What this task involves
Once the line with "Willluxe® Button-Down Striped" is found in the entries below, print it and each following line exactly, stopping after the line with "Personalisierte Tasse für"; print nothing else.

Input for this task
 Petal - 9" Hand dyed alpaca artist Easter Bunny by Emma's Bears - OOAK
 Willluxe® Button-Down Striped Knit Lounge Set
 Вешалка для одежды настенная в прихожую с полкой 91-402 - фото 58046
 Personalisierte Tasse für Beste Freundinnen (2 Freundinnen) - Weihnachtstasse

...

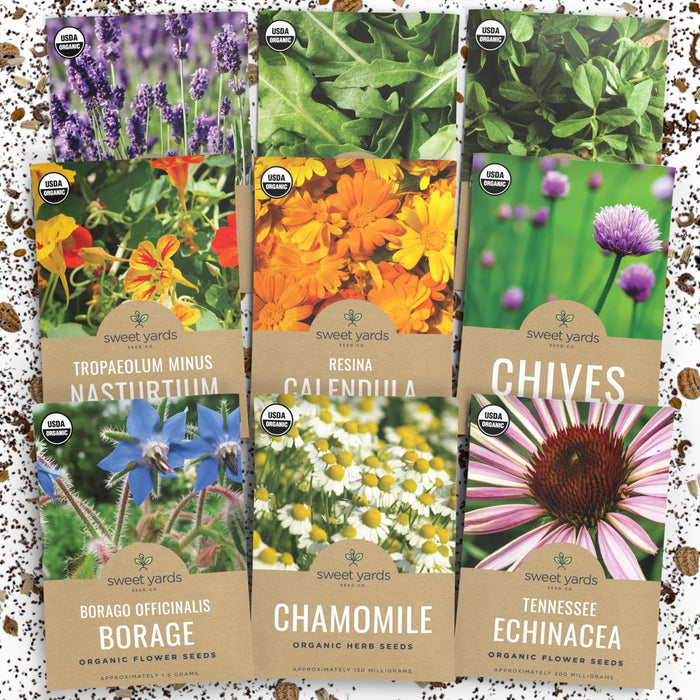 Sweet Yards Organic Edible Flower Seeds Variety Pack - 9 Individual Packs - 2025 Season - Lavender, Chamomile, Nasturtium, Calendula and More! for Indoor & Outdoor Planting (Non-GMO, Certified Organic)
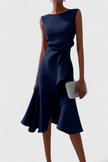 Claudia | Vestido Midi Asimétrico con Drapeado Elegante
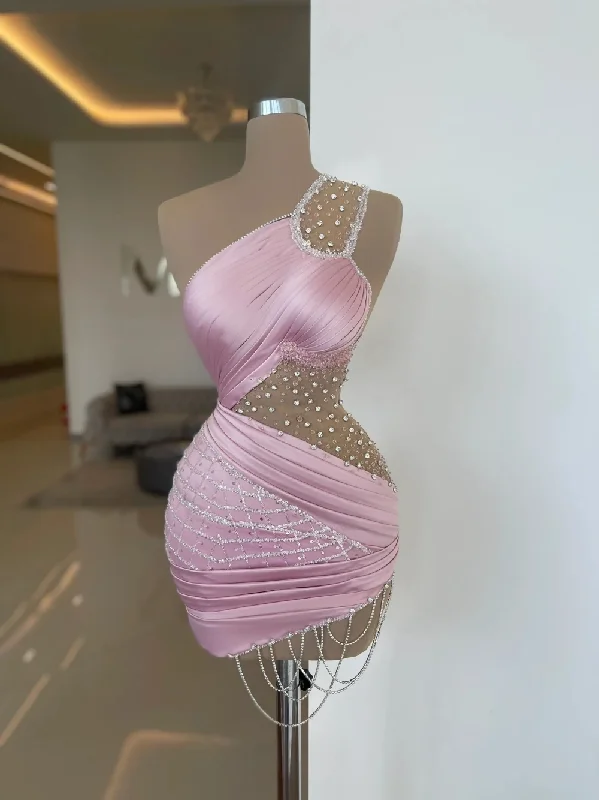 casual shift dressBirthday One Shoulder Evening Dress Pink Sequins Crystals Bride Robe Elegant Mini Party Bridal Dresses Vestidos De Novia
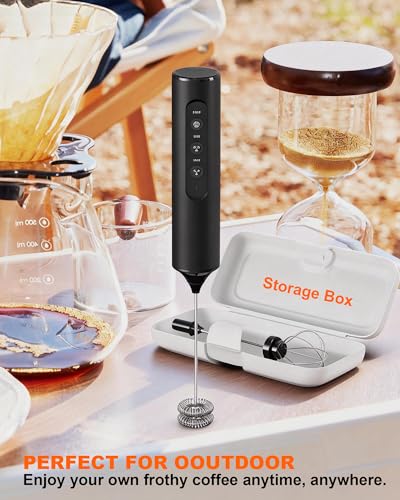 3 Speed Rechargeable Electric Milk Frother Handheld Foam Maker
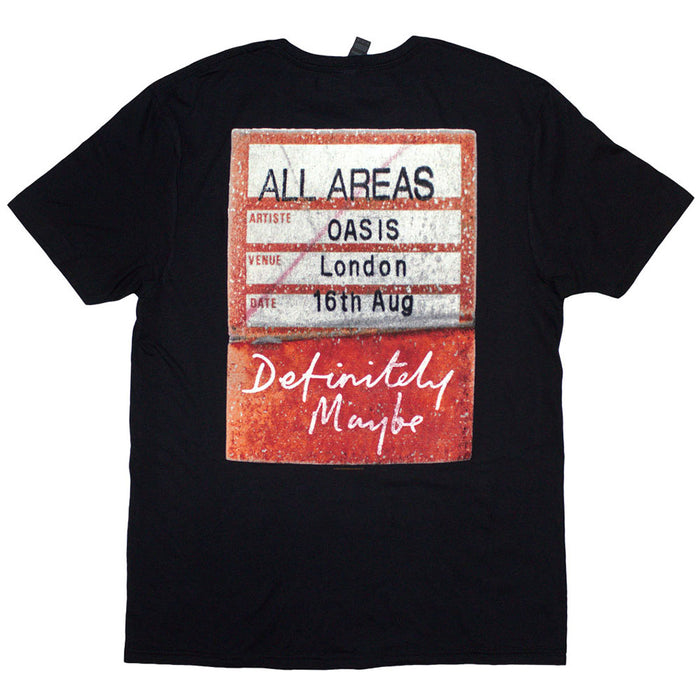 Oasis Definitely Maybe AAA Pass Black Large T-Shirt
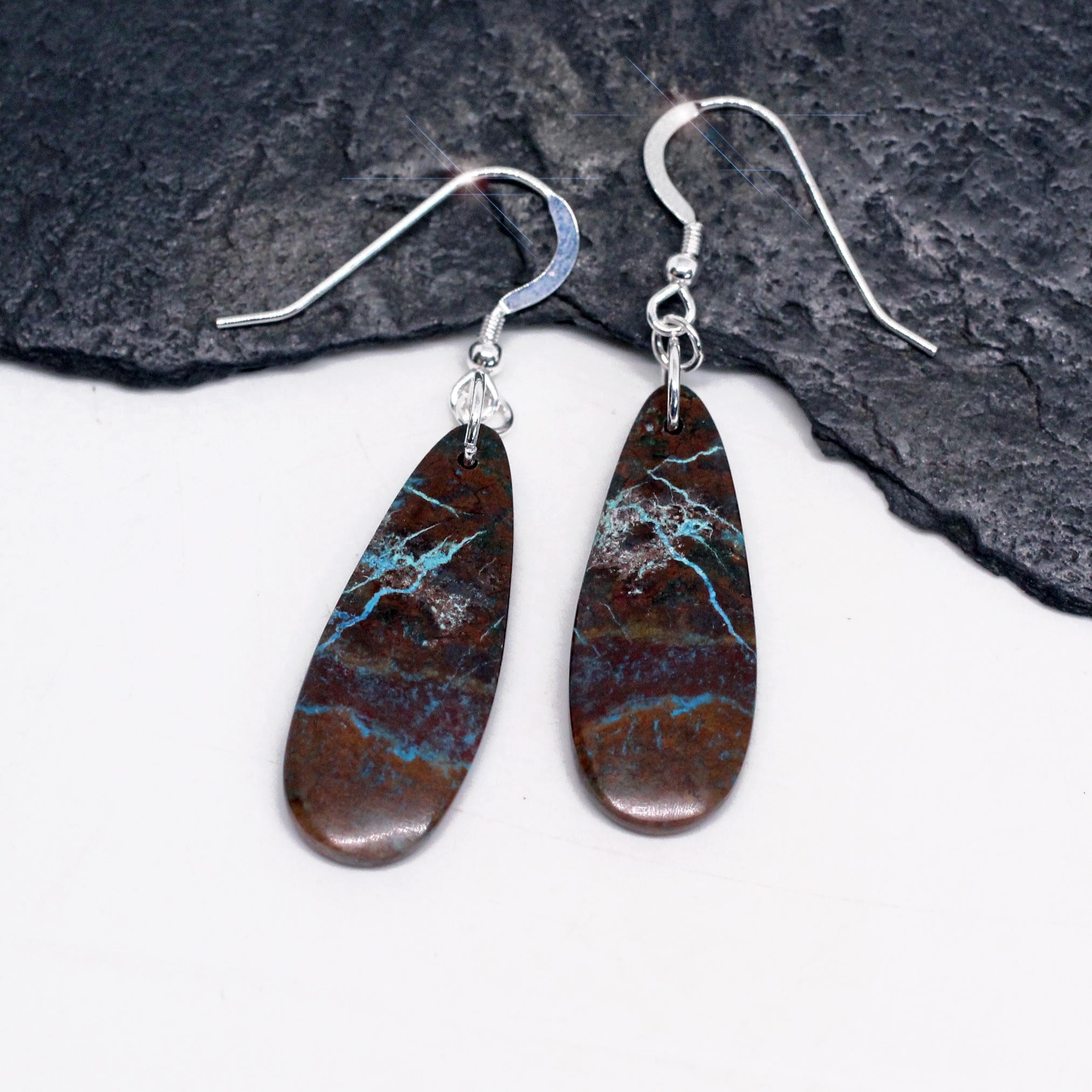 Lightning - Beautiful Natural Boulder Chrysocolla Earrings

Solution
 Willluxe® Button-Down Striped Knit Lounge Set
 Вешалка для одежды настенная в прихожую с полкой 91-402 - фото 58046
 Personalisierte Tasse für Beste Freundinnen (2 Freundinnen) - Weihnachtstasse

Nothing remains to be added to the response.